Thursday, January 31, 2013

Moving, Moving Pangs

Life Goal: Everything I own can fit in my car, or is my car.
Ongoing, increasingly grueling performance piece: Everything I own does not fit in my car, and has to fit in my car.

Okay. I have been tied to a storage unit for the last year, but I moved away from it, and organization experts say that if you want to get rid of something, box it up and don't look at it and a year later you won't know what it is or care. But that didn't really happen to me, since my stuff is all my clothes, art supplies, and art (like my car). I just felt incomplete in my East Coast sublets, like where are my oil paints? Where is my yarn? Where are my paintings? Where are my shoes? I found that I have gathered my things as tools to be myself.

I have a bit of an aversion to storage units. I have a friend who told me a couple of years ago he feels overwhelmed by his stuff since he moves all the time. He said his ideal would be a totally clean, minimalist house (and this would fit his aesthetic and interests very well I think), with a storage unit for everything he wanted to hold onto. Now he has a remote storage unit that's huge and totally full, and also his house is one.

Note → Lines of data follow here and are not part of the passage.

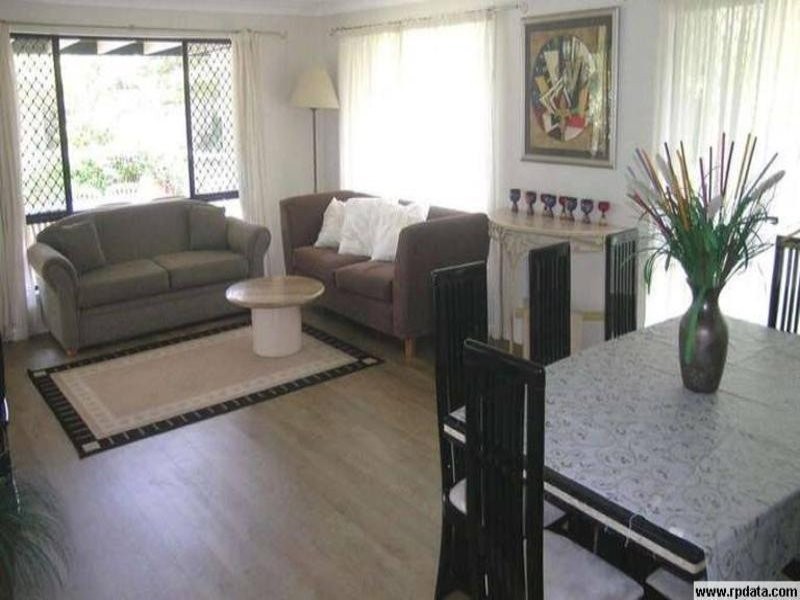 90 Albatross Avenue, Mermaid Beach QLD 4218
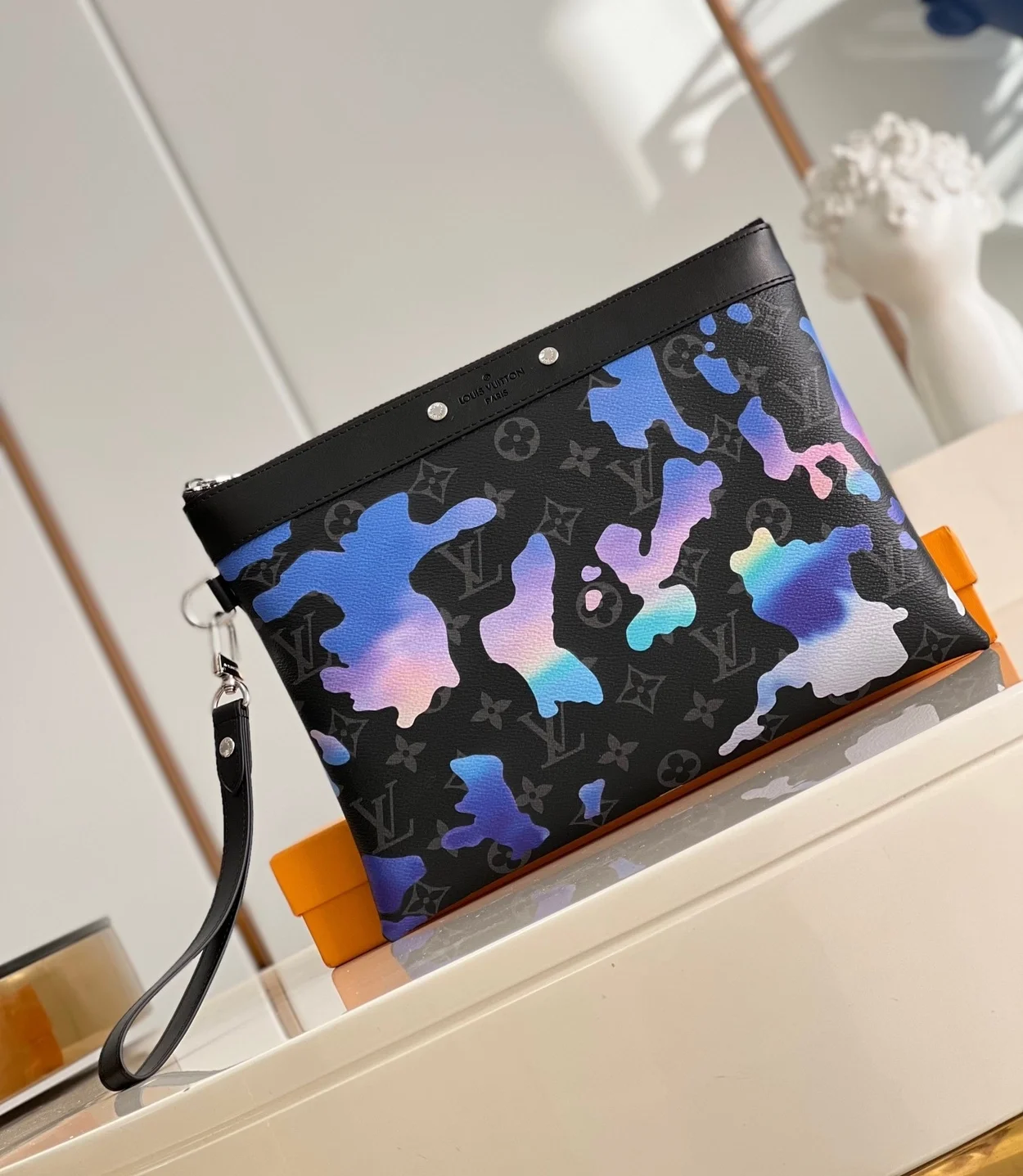 루이비통 포쉐트 투고 선라이즈 클러치 M81848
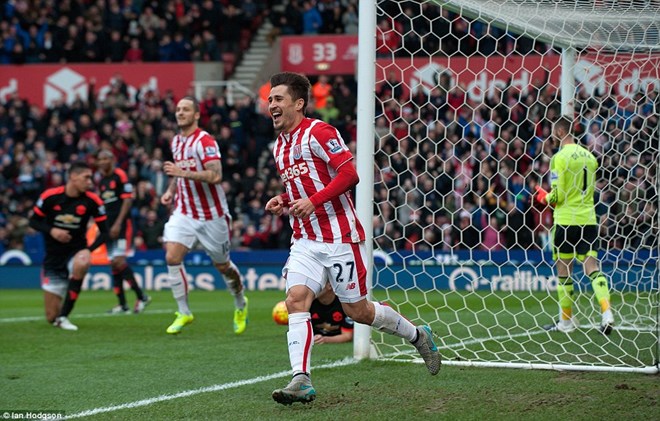 Bojan Krkic mở đầu cho chiến thắng của Stoke City. (Nguồn: Daily Mail)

So, right now nearly all my stuff is in my car. But some of it is on the floor of the room I'm staying in because it wouldn't fit in the car, and some of it-cello, brick barbell- is at my Dad's house, and a tiny bit of it is in my mom's storage unit, and a lot of it is in my mom's storage unit but designated for a trip to the dump.  Oh no, and some of it is in the fridge and freezer.

I think this happened because I didn't do my idea of lining up everything I own in order of what I would save in a fire and then when I got to the first thing in the line I wouldn't save, the rest of the line is gone forever.

Sunday, January 27, 2013

Scanner


Scanners are amazing! I got to use my brother's CanoScan to document a couple of old projects, and then I had fun trying to "paint with light" with them, making little arrangements. The scanner works best with things pressed against the glass, and renders things with depth as shadowy and blurred. I tried to exploit that but I don't have the hang of it yet. I used to be really good with a photocopier, though. 
This might be the background for a greeting card.

I tried to take a picture of the process I used to make the scan above, but my camera was super dead so I flipped over my assemblage and scanned it. It's a sweater, scale, mouse balls, chain belt.  The scale and mouse balls are pressing the sweater down to prevent shadows, and the scale is also helping the chain stay in place instead of getting dragged around by the sweater.  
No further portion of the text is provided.